Numbers, statistics, reports…what we need is more “face-to-face” interaction; more stories. Stories of hope, stories of despair, of loss, of feeling.
Numbers only go so far: what matters more are words. We know stories inspire action amongst an overwhelmed and increasingly de-sensitised population, which is why we have created It’sOneHumanity (IOH).
IOH is a virtual space where humanitarians come to educate each other, share the work they do, connect, and act for humanity as a whole; it’s a social network seeking to democratise humanitarianism.
Its goal is to create and unite humanitarians around the world, engage them in discussion and facilitate the mutual education process to ultimately create powerful social movements that will help us change the world for the better.
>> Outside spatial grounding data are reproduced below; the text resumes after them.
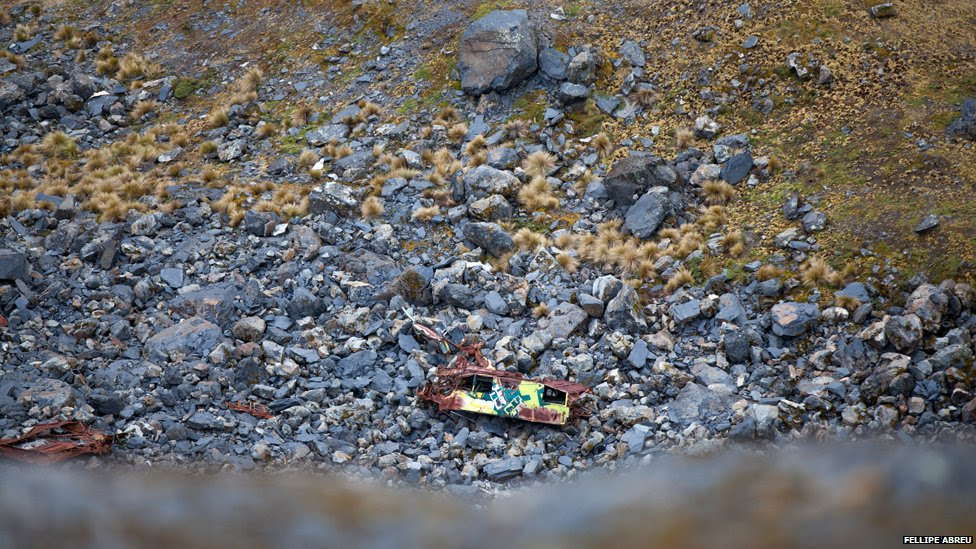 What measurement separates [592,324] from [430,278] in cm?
400

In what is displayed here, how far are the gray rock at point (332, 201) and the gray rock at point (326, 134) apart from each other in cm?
359

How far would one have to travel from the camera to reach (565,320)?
1344 centimetres

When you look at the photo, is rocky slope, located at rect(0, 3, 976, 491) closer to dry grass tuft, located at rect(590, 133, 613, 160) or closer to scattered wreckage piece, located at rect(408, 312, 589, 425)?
dry grass tuft, located at rect(590, 133, 613, 160)

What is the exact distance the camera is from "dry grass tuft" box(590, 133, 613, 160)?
58.2 ft

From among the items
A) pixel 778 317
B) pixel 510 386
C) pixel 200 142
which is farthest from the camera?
pixel 200 142

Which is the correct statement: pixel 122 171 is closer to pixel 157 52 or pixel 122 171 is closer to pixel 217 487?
pixel 157 52

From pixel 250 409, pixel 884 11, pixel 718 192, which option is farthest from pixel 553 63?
pixel 250 409

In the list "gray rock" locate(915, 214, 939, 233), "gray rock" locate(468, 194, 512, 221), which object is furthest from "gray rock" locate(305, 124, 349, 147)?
"gray rock" locate(915, 214, 939, 233)

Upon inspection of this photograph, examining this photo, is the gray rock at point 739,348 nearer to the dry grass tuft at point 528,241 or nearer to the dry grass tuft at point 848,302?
→ the dry grass tuft at point 848,302

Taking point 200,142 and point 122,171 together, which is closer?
point 122,171

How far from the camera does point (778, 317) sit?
12.5 meters

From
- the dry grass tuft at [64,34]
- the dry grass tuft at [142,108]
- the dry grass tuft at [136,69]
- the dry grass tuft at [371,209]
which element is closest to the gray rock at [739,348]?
the dry grass tuft at [371,209]

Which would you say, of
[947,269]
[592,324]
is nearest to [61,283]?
[592,324]

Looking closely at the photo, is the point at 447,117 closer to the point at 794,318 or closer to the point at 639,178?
the point at 639,178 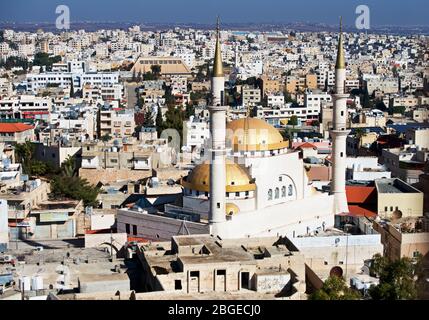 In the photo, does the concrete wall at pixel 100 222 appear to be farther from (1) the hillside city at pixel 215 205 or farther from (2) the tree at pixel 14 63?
(2) the tree at pixel 14 63

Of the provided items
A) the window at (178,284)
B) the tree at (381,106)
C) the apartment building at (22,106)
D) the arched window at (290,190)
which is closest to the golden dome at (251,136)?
the arched window at (290,190)

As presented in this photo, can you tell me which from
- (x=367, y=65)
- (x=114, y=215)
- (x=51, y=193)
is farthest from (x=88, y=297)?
(x=367, y=65)

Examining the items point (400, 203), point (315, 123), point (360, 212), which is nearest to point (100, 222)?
point (360, 212)

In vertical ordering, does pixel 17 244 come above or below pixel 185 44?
below

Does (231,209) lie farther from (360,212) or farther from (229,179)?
(360,212)

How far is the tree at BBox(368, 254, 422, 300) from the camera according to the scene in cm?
480

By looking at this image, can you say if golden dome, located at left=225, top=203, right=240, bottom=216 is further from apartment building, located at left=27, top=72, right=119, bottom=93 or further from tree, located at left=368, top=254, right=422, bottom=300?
apartment building, located at left=27, top=72, right=119, bottom=93

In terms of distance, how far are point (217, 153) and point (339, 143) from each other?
1.84m

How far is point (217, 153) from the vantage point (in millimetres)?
6535

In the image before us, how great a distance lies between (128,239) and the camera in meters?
7.03

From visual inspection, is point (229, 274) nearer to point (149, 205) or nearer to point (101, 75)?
point (149, 205)

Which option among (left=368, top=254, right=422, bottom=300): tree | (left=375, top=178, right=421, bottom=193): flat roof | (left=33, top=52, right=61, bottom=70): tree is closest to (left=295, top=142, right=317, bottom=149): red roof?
(left=375, top=178, right=421, bottom=193): flat roof

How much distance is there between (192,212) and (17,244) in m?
A: 1.56

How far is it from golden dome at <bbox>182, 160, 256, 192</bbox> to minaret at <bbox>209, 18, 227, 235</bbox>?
296mm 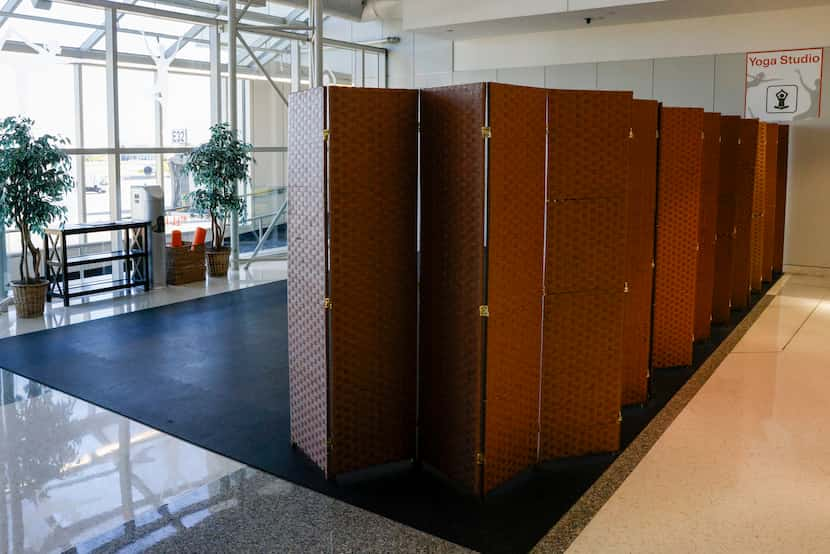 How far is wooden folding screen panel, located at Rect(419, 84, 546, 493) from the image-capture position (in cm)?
339

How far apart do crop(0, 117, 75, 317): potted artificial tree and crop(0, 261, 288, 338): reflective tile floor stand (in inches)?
9.2

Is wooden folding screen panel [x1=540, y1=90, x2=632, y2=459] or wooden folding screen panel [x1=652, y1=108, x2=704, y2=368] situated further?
wooden folding screen panel [x1=652, y1=108, x2=704, y2=368]

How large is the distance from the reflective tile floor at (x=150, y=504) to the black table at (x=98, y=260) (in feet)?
11.6

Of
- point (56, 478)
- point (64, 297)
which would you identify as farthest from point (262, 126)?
point (56, 478)

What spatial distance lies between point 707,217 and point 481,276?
3.41 meters

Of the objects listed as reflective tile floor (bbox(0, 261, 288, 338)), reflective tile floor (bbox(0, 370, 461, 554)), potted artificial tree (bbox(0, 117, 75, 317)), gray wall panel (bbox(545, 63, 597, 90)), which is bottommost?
reflective tile floor (bbox(0, 370, 461, 554))

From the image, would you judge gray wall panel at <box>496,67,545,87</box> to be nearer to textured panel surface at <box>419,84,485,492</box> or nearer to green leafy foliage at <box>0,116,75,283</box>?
green leafy foliage at <box>0,116,75,283</box>

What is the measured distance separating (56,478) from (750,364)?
479 centimetres

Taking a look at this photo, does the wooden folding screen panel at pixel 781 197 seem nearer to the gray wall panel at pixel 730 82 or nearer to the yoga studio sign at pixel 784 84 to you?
the yoga studio sign at pixel 784 84

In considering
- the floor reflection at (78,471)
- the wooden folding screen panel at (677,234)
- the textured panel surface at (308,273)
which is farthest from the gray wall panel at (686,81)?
the floor reflection at (78,471)

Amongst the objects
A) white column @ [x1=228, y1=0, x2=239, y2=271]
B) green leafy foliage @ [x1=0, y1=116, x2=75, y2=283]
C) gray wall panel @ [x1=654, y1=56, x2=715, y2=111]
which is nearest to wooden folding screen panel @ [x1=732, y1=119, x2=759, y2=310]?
gray wall panel @ [x1=654, y1=56, x2=715, y2=111]

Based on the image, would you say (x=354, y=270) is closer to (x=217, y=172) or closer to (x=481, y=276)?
(x=481, y=276)

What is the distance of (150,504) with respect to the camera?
346 centimetres

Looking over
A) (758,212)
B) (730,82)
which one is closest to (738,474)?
(758,212) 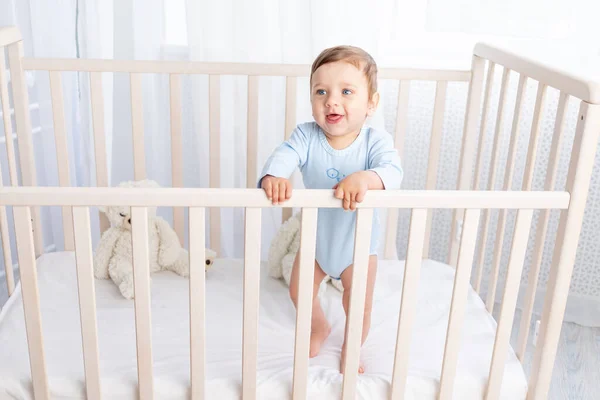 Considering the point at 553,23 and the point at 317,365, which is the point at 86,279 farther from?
the point at 553,23

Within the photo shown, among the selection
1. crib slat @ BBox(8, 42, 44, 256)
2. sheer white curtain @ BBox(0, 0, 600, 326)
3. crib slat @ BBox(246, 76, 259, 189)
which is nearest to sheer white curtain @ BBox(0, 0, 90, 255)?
sheer white curtain @ BBox(0, 0, 600, 326)

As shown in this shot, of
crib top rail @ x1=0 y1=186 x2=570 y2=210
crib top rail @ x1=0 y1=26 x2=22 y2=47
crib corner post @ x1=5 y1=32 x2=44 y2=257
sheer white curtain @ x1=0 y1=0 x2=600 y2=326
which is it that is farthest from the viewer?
sheer white curtain @ x1=0 y1=0 x2=600 y2=326

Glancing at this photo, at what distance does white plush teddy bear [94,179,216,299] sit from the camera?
159 cm

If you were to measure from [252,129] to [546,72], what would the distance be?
69cm

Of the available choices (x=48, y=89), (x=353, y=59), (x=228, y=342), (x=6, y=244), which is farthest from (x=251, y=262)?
(x=48, y=89)

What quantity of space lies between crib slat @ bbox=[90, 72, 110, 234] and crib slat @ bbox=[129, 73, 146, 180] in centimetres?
7

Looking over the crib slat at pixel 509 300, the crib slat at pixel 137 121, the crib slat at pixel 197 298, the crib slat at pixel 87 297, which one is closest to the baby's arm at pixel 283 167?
the crib slat at pixel 197 298

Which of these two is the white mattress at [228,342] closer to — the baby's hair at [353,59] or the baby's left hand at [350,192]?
the baby's left hand at [350,192]

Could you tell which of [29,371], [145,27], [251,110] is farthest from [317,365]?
[145,27]

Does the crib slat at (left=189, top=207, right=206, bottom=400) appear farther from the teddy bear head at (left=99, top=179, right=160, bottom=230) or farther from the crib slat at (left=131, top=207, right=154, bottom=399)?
the teddy bear head at (left=99, top=179, right=160, bottom=230)

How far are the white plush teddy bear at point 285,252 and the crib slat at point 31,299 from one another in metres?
0.61

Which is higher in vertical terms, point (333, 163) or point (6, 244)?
point (333, 163)

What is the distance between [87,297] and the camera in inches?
42.5

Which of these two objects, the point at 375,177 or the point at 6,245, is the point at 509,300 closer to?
the point at 375,177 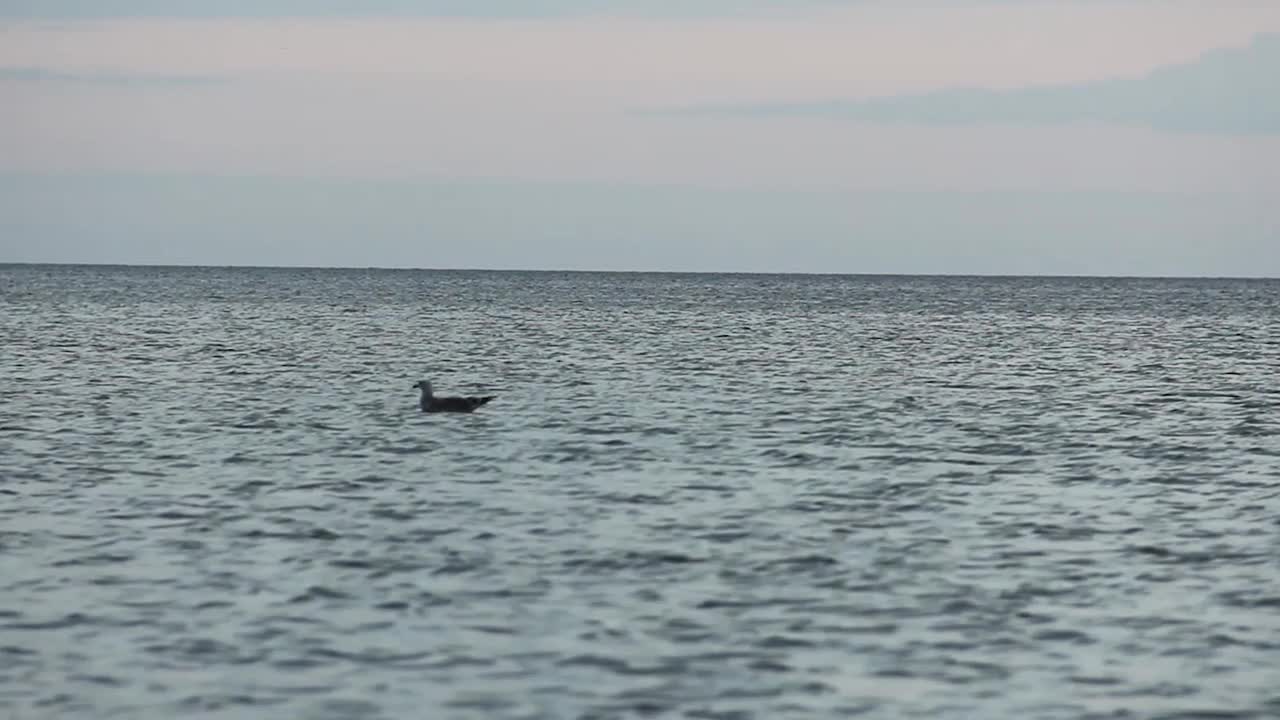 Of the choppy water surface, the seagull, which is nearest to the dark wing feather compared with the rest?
the seagull

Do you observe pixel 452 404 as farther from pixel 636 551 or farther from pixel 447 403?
pixel 636 551

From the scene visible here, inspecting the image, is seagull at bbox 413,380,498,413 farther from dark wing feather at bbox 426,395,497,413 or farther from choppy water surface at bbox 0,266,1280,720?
choppy water surface at bbox 0,266,1280,720

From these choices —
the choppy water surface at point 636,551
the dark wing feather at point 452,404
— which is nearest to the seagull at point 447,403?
the dark wing feather at point 452,404

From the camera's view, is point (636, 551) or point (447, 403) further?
point (447, 403)

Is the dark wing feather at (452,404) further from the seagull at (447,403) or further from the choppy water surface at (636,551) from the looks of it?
the choppy water surface at (636,551)

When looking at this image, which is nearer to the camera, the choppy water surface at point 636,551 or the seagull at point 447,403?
the choppy water surface at point 636,551

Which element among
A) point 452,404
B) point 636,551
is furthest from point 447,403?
point 636,551

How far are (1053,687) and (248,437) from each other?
20903 mm

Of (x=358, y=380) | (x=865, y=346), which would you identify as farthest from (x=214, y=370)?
(x=865, y=346)

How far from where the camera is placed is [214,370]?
51531 millimetres

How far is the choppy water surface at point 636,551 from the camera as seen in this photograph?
14297mm

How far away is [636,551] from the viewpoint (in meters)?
20.2

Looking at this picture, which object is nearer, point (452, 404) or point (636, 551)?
point (636, 551)

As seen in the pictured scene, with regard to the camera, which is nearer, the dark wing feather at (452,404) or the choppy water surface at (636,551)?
the choppy water surface at (636,551) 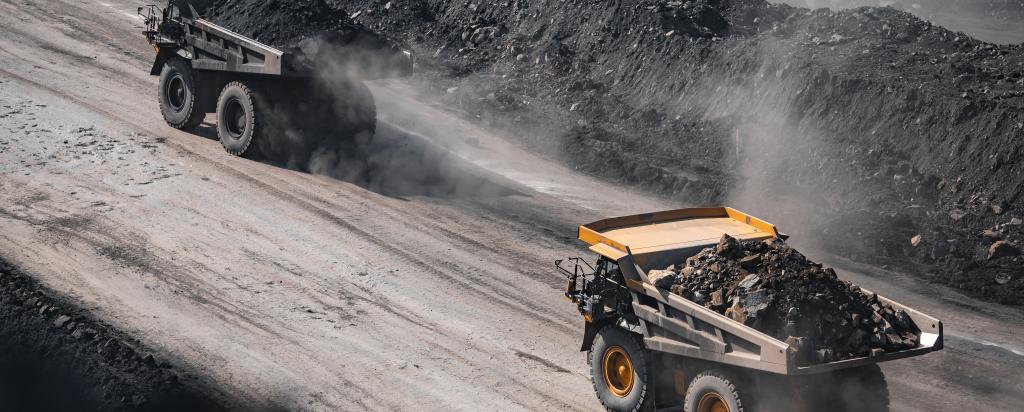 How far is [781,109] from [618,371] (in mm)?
10022

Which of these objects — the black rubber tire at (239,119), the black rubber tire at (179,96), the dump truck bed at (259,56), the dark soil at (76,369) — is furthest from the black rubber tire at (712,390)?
the black rubber tire at (179,96)

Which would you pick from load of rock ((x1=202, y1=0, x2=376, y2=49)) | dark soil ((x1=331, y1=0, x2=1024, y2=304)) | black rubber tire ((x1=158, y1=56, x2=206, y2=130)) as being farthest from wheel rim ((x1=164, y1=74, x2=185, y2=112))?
dark soil ((x1=331, y1=0, x2=1024, y2=304))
It’s easy to get lost behind words, but the meaning of “humanitarian” is nothing flashier than “anyone concerned with or seeking to promote human welfare.” Isn’t that you too?
I personally look forward to One Young World 2011 in Zurich, to show over 1,200 young “humanitarians” what we have built and invite them along on the journey with a special One Young World premiere.
I believe this youth summit is truly special because the delegates who make it come alive are exceptional. Delegates of One Young World are all humanitarians of their own with ideas and projects, and personal stories that explain why they decided to act upon their ideals and not stand by the sidelines.
It is my greatest hope that The Humanitarian Social Network can make more of such stories shine and inspire the world around.